Larry Howe says politics cost him Vicious Rumors touring slot
Larry Howe finally addressed his Vicious Rumors exit, saying the backlash tied to his politics cost the band touring opportunities and his place behind the kit.

Larry Howe has now given his own version of the Vicious Rumors split, and it turns the drummer’s exit into a much bigger story than a routine lineup change. In a June 8, 2026 interview on Hart O’ The Matter, Howe said the pressure around his right-wing political beliefs had begun costing the veteran metal band touring opportunities, forcing the issue from a private band problem into a public break.

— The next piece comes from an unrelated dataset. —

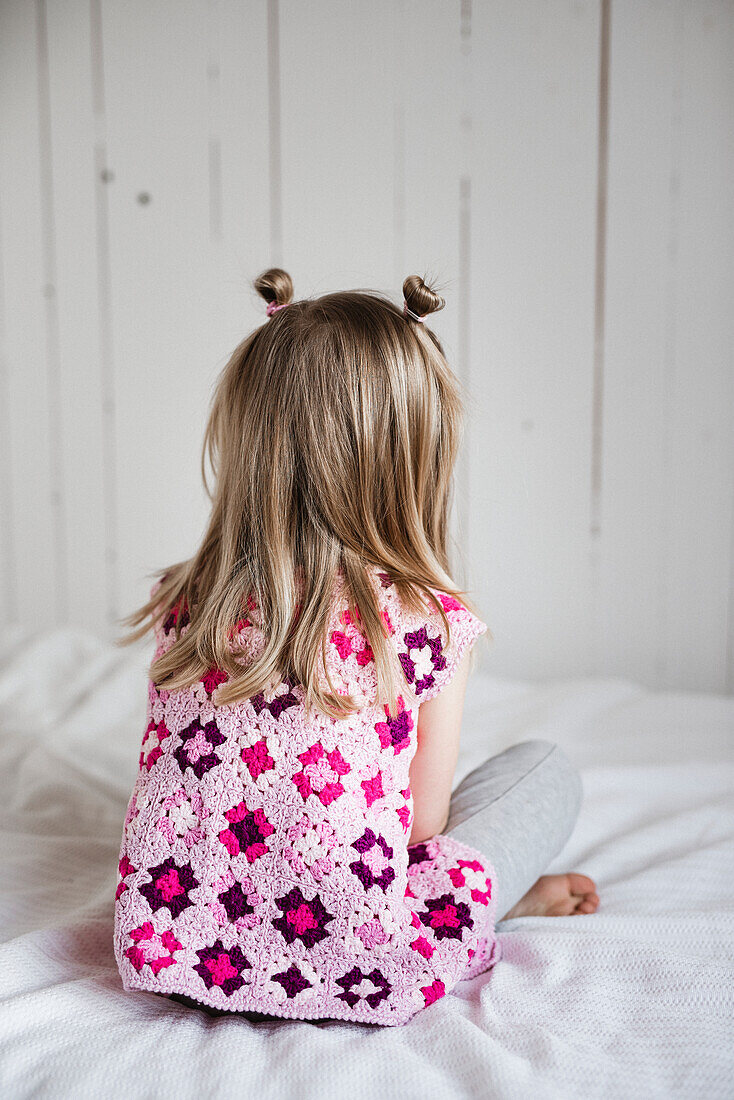 Girl sitting on bed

The timeline shows how quickly the situation escalated. Vicious Rumors announced on February 18, 2026 that Howe would no longer be touring with the band, saying the group had years of disagreement with him over his personal political ambitions and that it could no longer be “punished by association.” The band also said four shows had already been canceled amid the controversy surrounding Howe’s political views during the European run, a sign that the fallout was affecting the band’s actual booking power, not just its internal chemistry.

By April 16, Howe had publicly said he would no longer drum for Vicious Rumors “for the foreseeable future.” Around the same time, the band said its European Asylum Tour would continue from May 9 through June 20 with a new drummer in place. Multiple reports identified that replacement as Wyatt Cooper, who had previously played with Yngwie Malmsteen, underscoring that the band was moving forward even as the dispute around Howe continued to hang over the tour.
Howe’s history with the band makes the rupture even sharper. He first joined Vicious Rumors in 1985, left in 2000, and rejoined in 2005, giving him a long stretch of ownership in the group’s sound and identity. One report placed his last scheduled show with the band on March 28, 2026, before the final split was confirmed in mid-April.
What Howe’s interview added was the sense of a drummer being squeezed out not because of timing, chops, or the usual road wear, but because promoters and venues no longer wanted the baggage. Howe’s comments, including his swipe that “cancel culture wins again,” frame the fallout as both bitter and final. For a working drummer, that is the harshest part of the story: the kit stayed on the road, but the player attached to it did not.